Disamping beberapa syarat yang udah dijelaskan tersebut, terdapat beberapa hal yang perlu diperhatikan dalam pembuatan perencanaan, diantaranya adalah sebagai berikut:

  • Harus terdapatnya suatu koordinasi.
  • Harus menghindari pada under atau over planning.
  • Harus bersifat dinamis.
  • Harus dapat mendayagunakan seluruh layanan yang tersedia di dalam organisasi.
  • Harus dapat dijadikan sebagai landasan bagi tiap tiap fungsi manajemen lainnya.

Cara Menyusun Perencanaan

Ada beberapa hal yang perlu diperhatikan ketika menyusun planning manajemen, di antaranya adalah sebagai berikut.

1. Merumuskan dan Menetapkan Tujuan

Penetapan obyek ini perlu didasarkan terhadap falsafah dan misi yang dimiliki oleh organisasi. Perumusan dari obyek ini terbujuk oleh beragam nilai yang diatur oleh para eksekutif dan beragam nilai atau tanggungjawab sosial terhadap selagi itu.

2. Melakukan Analisis Kesempatan

Organisasi perlu melakukan suatu analisis atau pengamatan terhadap lingkungan sekitar. Lingkungan yang selalu berubah-ubah ini bakal selalu menambahkan kesempatan dan ancaman apakah bakal dimanfaatkan atau dihadapi atau dihindari.

3. Melakukan Analisis Sumber Daya

Selain faktor lingkungan yang perlu dianalisis, organisasi terhitung perlu melakukan analisis terhadap sumber daya yang dimiliki. Dari analisis selanjutnya sanggup diketahui kebolehan dan/atau kelemahan dari organisasi yang sanggup dimanfaatkan atau diatasi. Sumber daya selanjutnya sanggup berbentuk sumber daya manusia, dan sumber daya lainnya layaknya fasilitas, dana, fisik dan lain sebagainya.

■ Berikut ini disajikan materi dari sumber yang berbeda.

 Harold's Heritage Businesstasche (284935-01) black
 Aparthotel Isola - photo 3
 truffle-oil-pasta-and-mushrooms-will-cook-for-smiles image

4. Identifikasi dan Pengembangan Alternatif

Dalam hubungannya dengan pengambilan suatu keputusan, maka langkah sesudah itu yang perlu disita adalah mengembangkan beragam alternative/pilihan dari beragam sumber daya dan data yang dimiliki oleh organisasi. Dari beragam macam alternative selanjutnya sanggup dipilih yang terbaik.

5. Implementasi Strategi

Kemudian ditunaikan suatu perincian ke di dalam bentuk beragam program dan anggaran yang lebih terperinci atau cermat agar bakal lebih ringan untuk diaplikasikan.

6. Pelaksanaan Keputusan

Rencana yang telah disusun tidak mempunyai makna kecuali tidak atau belum diaplikasikan. Kemudian pelaksanaan rencana butuh suatu pengendalian dan pengawasan, sejauh mana penerapan raih hasil layaknya yang telah ditetapkan sebelumnya.

Akhir Kata

Demikian pembahasan lengkap mengenai pengertian planning manajemen. Mulai dari pengertian, fungsi, unsur, jenis, manfaat, tujuan, prinsip POAC, syarat, cara menyusun, dan lainnya.